**YOUR TASK:**
The entries below should be set down again exactly, with every picture left out.

**STORED DATA:**

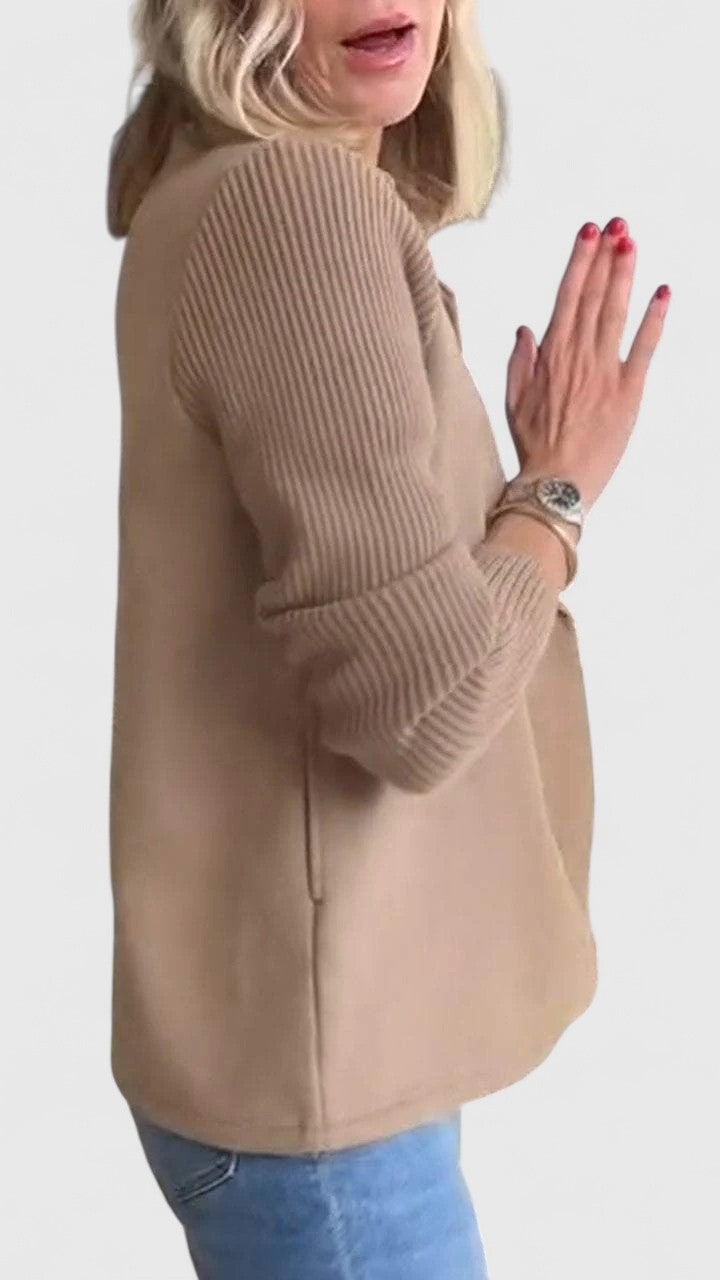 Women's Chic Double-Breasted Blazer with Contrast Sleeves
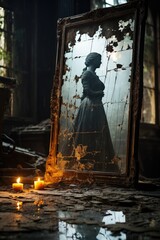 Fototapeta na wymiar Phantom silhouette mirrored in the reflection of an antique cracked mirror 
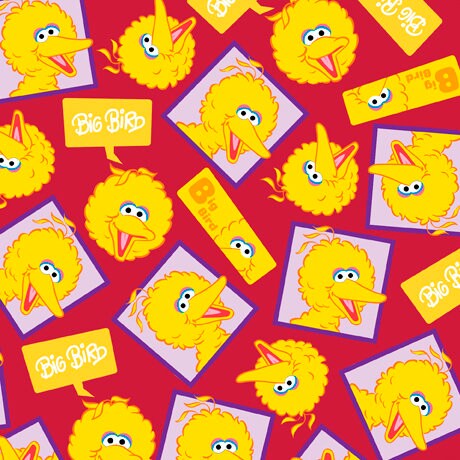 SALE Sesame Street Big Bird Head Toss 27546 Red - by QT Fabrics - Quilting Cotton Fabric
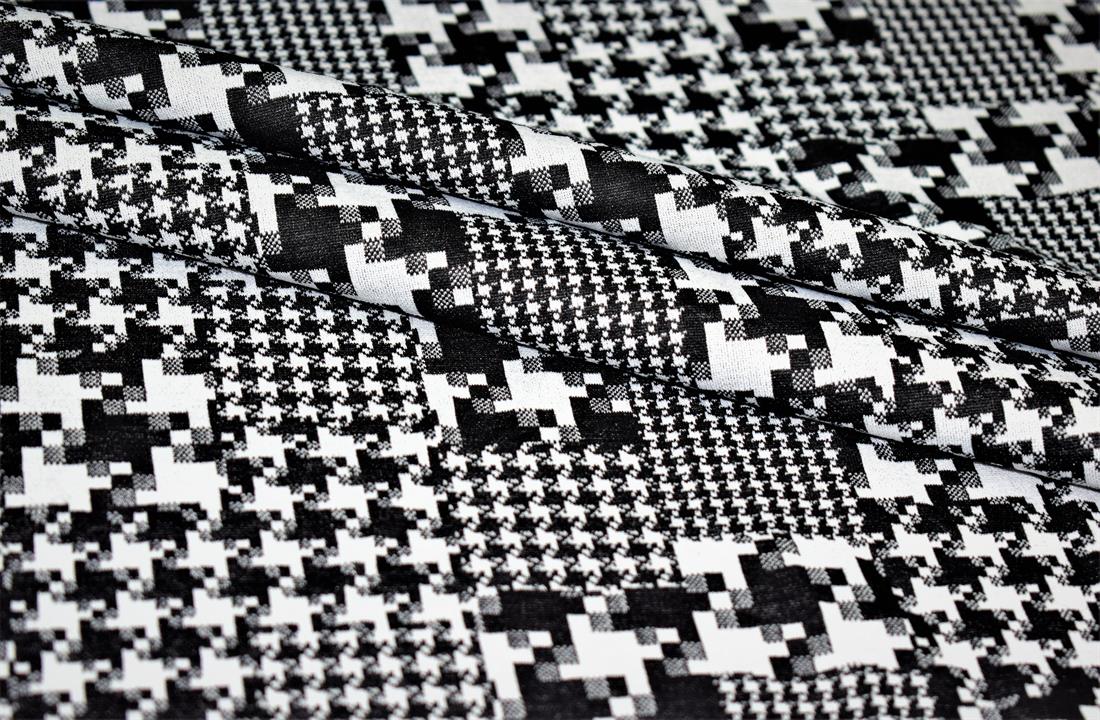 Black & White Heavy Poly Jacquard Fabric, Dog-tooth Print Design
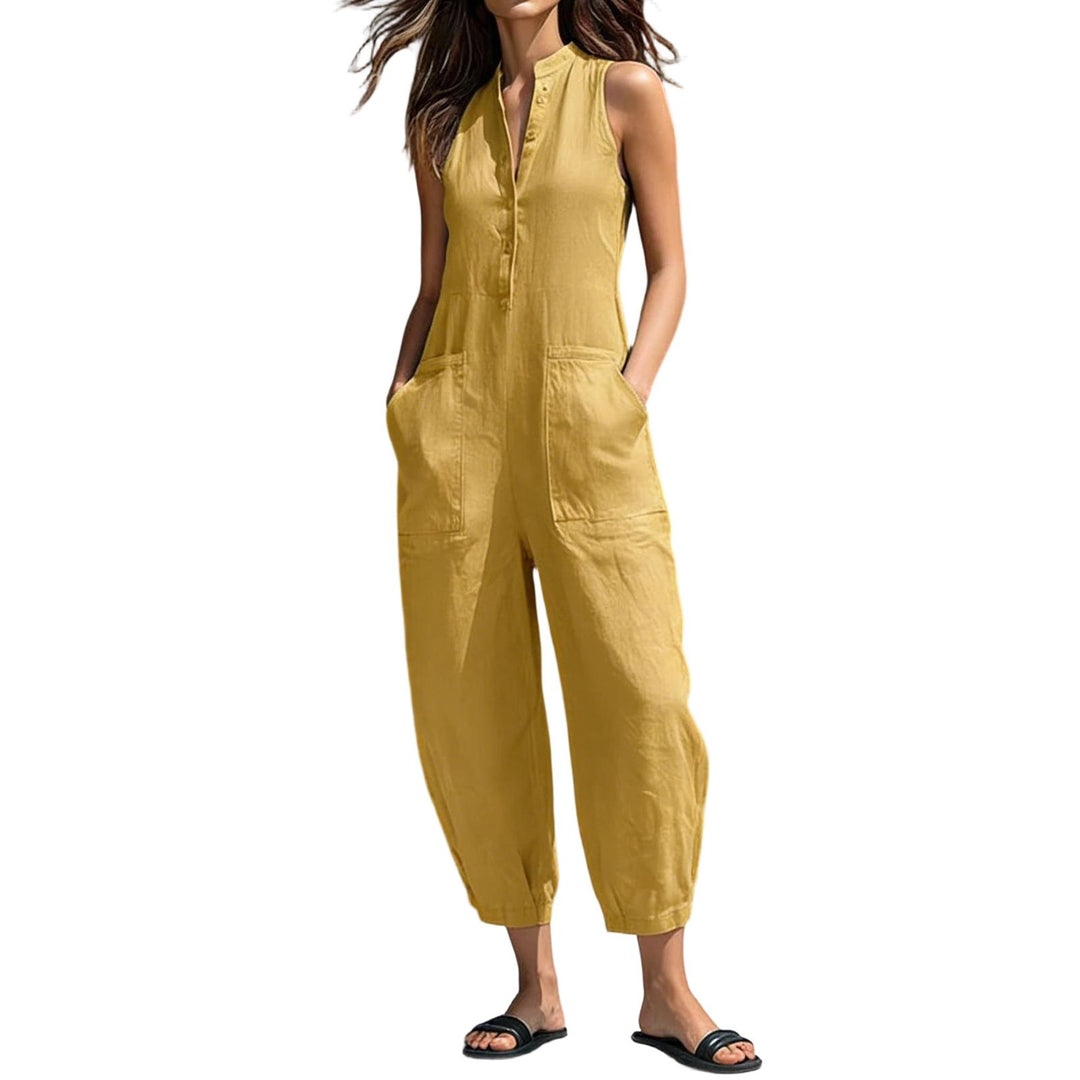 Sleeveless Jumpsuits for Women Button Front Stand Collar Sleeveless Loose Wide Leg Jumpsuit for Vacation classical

**ANSWER SECTION:**
 Women's Chic Double-Breasted Blazer with Contrast Sleeves
 Fototapeta na wymiar Phantom silhouette mirrored in the reflection of an antique cracked mirror 
 SALE Sesame Street Big Bird Head Toss 27546 Red - by QT Fabrics - Quilting Cotton Fabric
 Black & White Heavy Poly Jacquard Fabric, Dog-tooth Print Design
 Sleeveless Jumpsuits for Women Button Front Stand Collar Sleeveless Loose Wide Leg Jumpsuit for Vacation classical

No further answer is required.